Il fallait bien que l’heure soit grave pour que le président de la République intervienne solennellement jeudi soir à l’heure de l’apéritif, alors que les banderoles des 450.000 manifestants venaient juste d’être repliées.

Y avait-il péril imminent ? Les manifs avaient-elles tournées à l’émeute ? Pas le moins du monde, mais l’homme pressé qui nous gouverne ne pouvait pas laisser une seconde l’avantage aux fonctionnaires, aux profs, aux lycéens.
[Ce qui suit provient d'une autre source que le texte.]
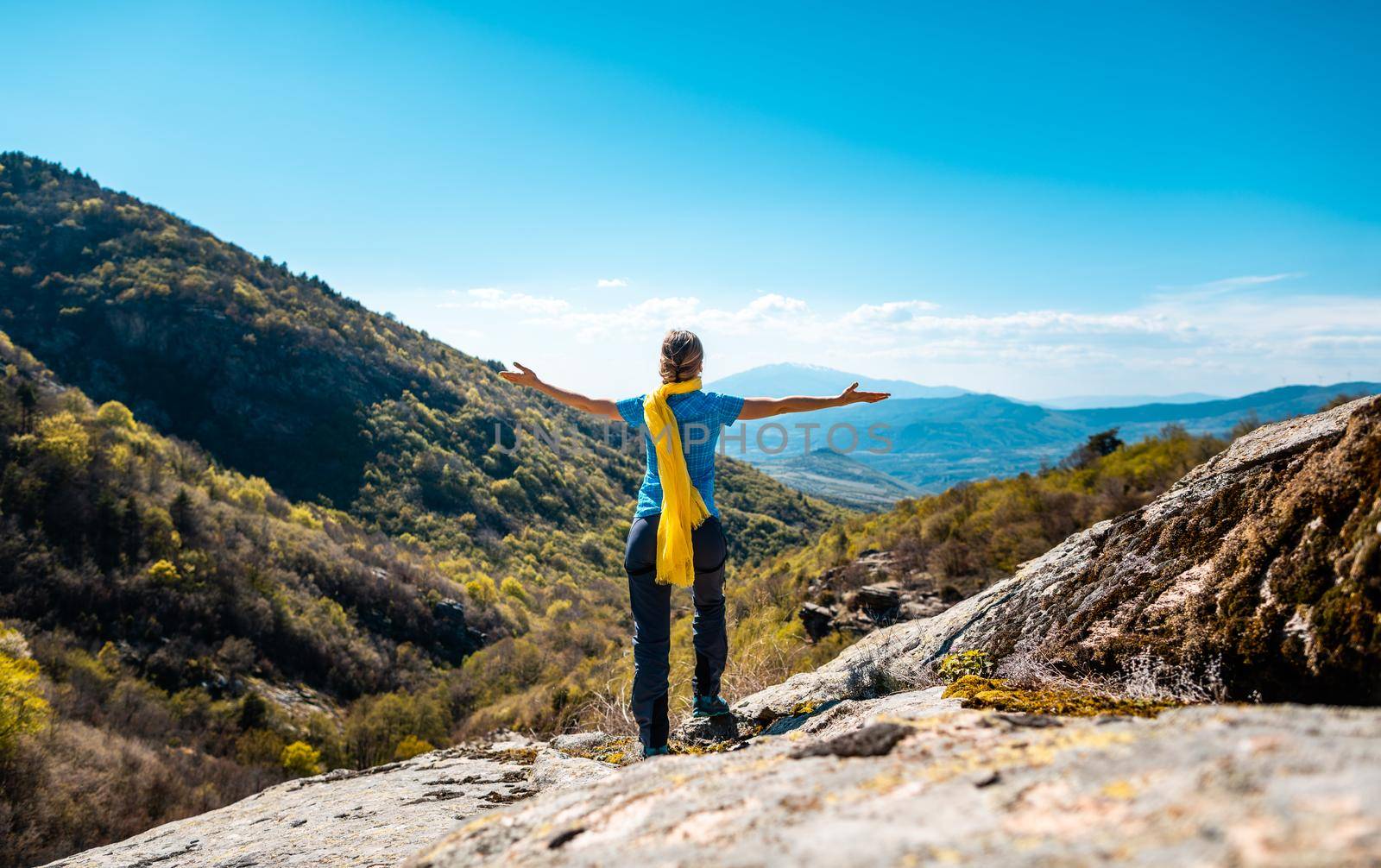 Hiking woman enjoying the freedom of a mountainous landscape near Serres, Greece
Ses habiles faiseurs de discours, conseillers et porte-serviettes ont dû phosphorer toute la journée pour fignoler la posture idéale à adopter. Et ils l’ont trouvée : détourner l’attention des vraies questions en prenant les usagers du service public en otages et à témoin, insulter les grévistes en refusant de les entendre.

Et en matière d’otages à l’école, on se souvient que l’ancien maire de Neuilly sait donner de sa personne. Il y a dans cette manière de faire, une certaine habileté, une certaine efficacité aussi. Le président a réussi à occuper le terrain avec son annonce de « Service Minimum d’Accueil » inscrit comme un droit par une loi prochaine, éclipsant la colère exprimée par les grévistes et leurs cortèges unitaires.
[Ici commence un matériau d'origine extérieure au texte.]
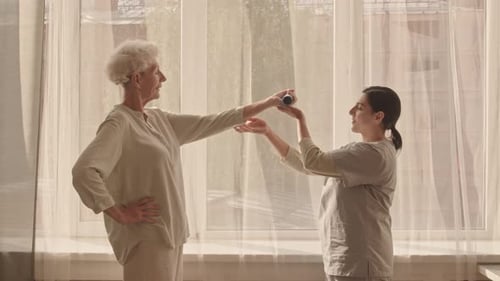 Energetic Senior Woman Exercising with Caregiver Indoors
Mais hélas, le coup médiatique révèle que le président est en difficulté avec sa majorité. Voilà en effet un couac de plus dans les rangs de l’UMP dont les édiles ne cachent pas leur embarras s’ils devaient appliquer le SMA. D’ailleurs, tel qu’il est, tel qu’il a été appliqué en janvier dernier, pour la première fois, cet accueil organisé par les mairies a fait « pschitt ».

Jeudi, en tout, 2 837 communes ont prévu ce 15 mai un service minimum d’accueil dans les écoles... mais pas celle du ministre du Travail, Xavier Bertrand, pourtant donné favori pour succéder à François Fillon ! Saint-Quentin (Aisne), dont Xavier Bertrand, ministre du Travail, est l’adjoint au maire depuis 1995, s’est bien gardée d’appliquer les recommandations gouvernementales. Dans les rangs des maires UMP, on ne s’est pas gênés pour noter que le garde-champêtre avait bien d’autres chats à fouetter que d’amuser les bambins avec son tambour… On ne s’est pas fait prier pour demander qui allait assumer la responsabilité en cas d’accident… bref, on maugrée, on finasse avec des détails… auxquels les conseillers présidentiels n’avaient prêté volontairement aucun intérêt. Mais peu importe, l’essentiel est d’avoir occupé le terrain.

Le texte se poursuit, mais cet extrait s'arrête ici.